INFORMATION SUPPLIED:
==================================================
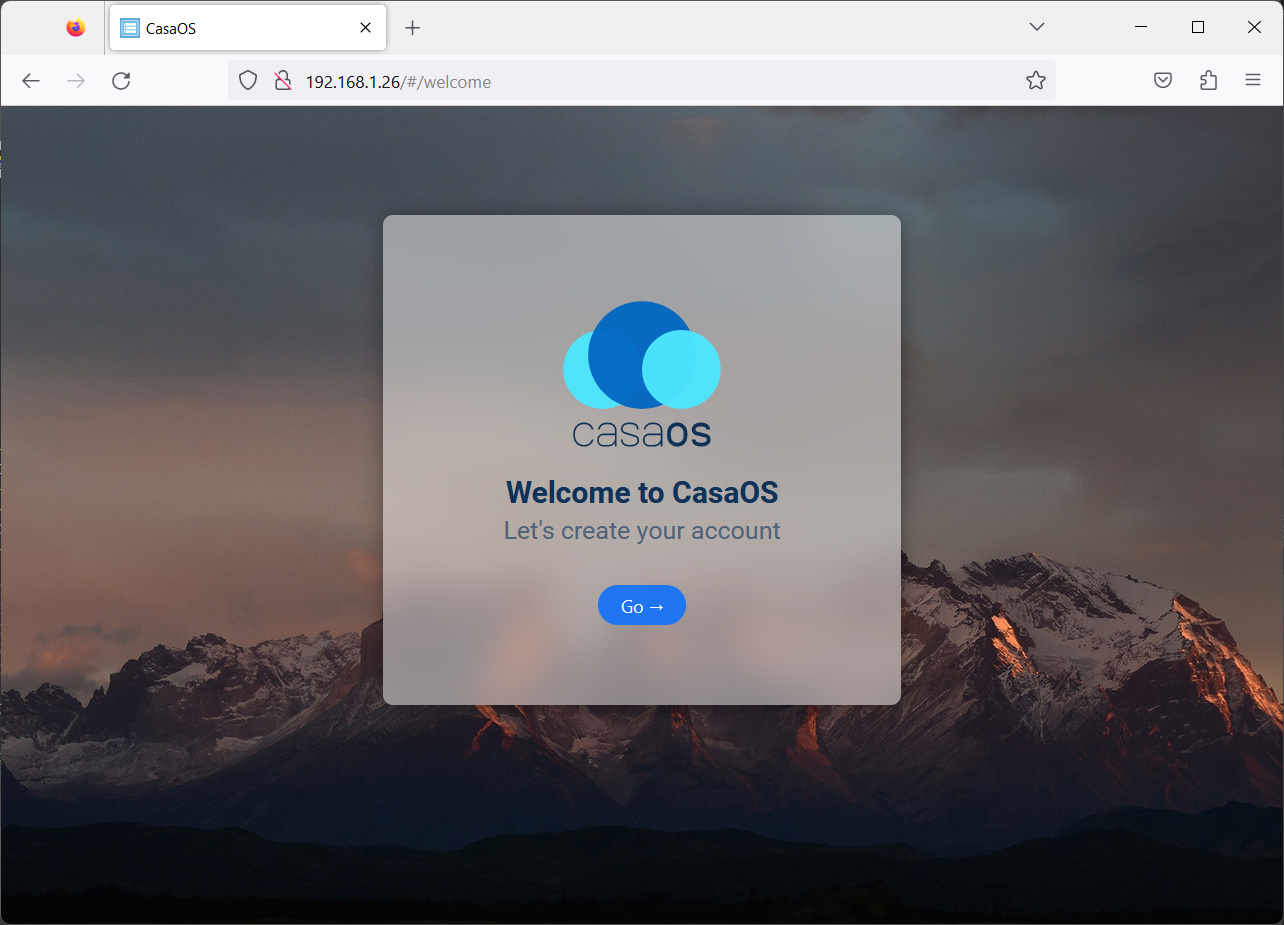 casaos-first-access-welcome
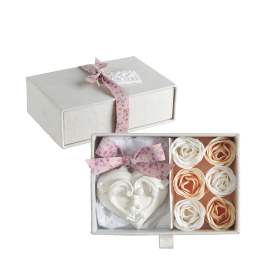 Gift box with a heart ornament and six rose-shaped soaps
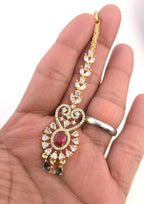 Indian Bridal Gold Necklace Set with Earrings, Maang Tikka, Red Green Kundan Style Jewelry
==================================================
PROBLEM TO WORK ON:
Render the data above verbatim and without pictures.

ANSWER TO THE PROBLEM:
 casaos-first-access-welcome
 Gift box with a heart ornament and six rose-shaped soaps
 Indian Bridal Gold Necklace Set with Earrings, Maang Tikka, Red Green Kundan Style Jewelry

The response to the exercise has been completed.